Leaving out the images, return the data below exactly as it is written.

== Provided data ==

• • • •

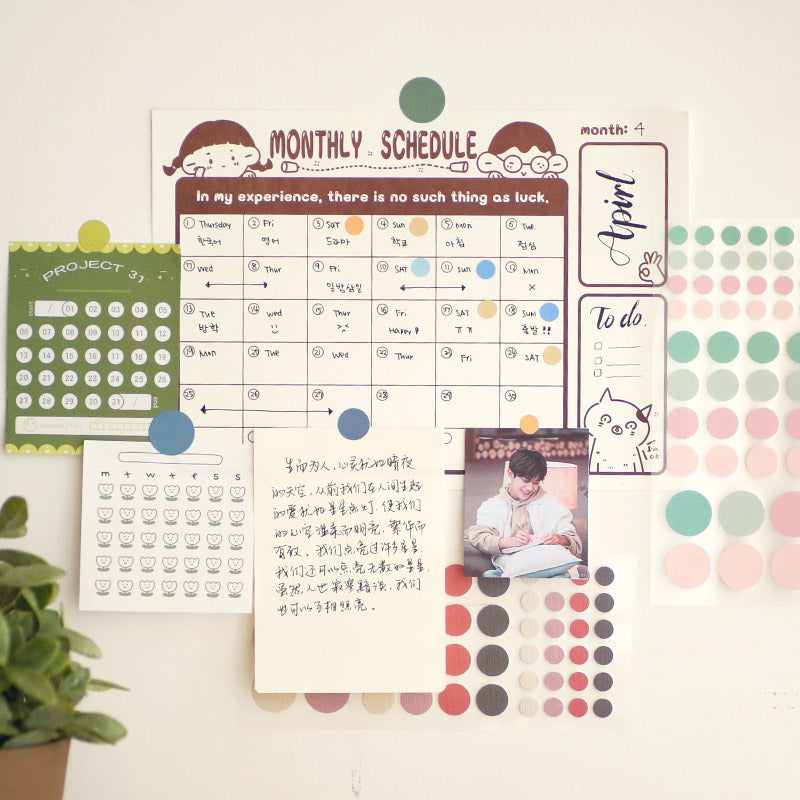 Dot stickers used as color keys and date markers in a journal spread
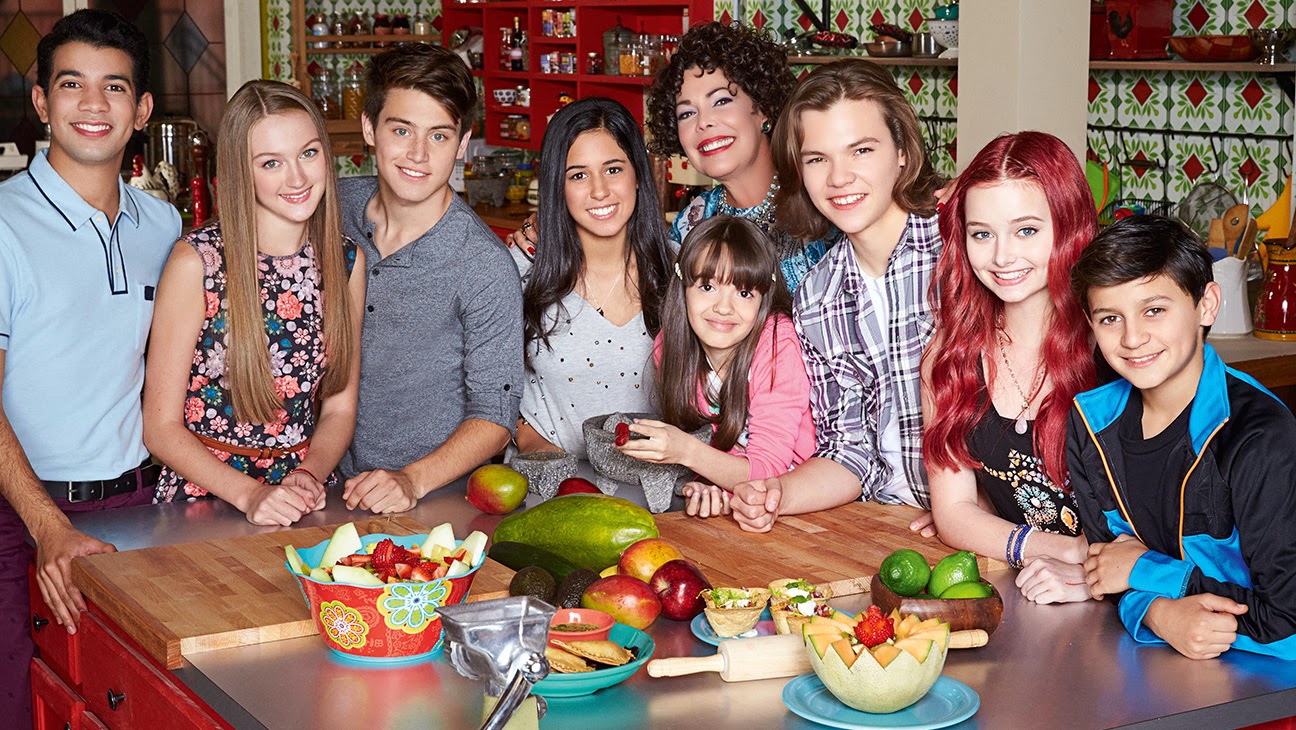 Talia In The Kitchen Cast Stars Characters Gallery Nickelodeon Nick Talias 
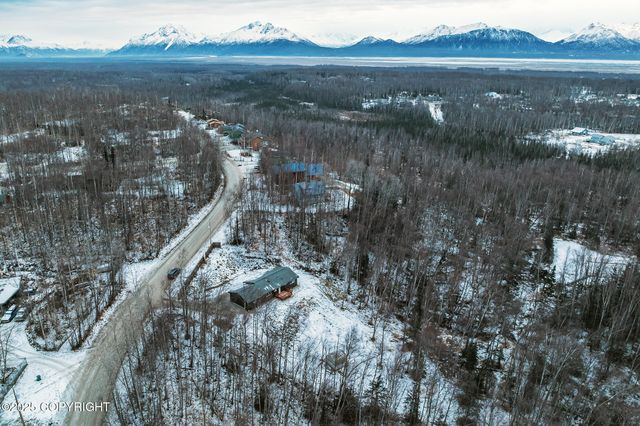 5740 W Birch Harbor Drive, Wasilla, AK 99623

• • • •

== Response below ==
 Dot stickers used as color keys and date markers in a journal spread
 Talia In The Kitchen Cast Stars Characters Gallery Nickelodeon Nick Talias 
 5740 W Birch Harbor Drive, Wasilla, AK 99623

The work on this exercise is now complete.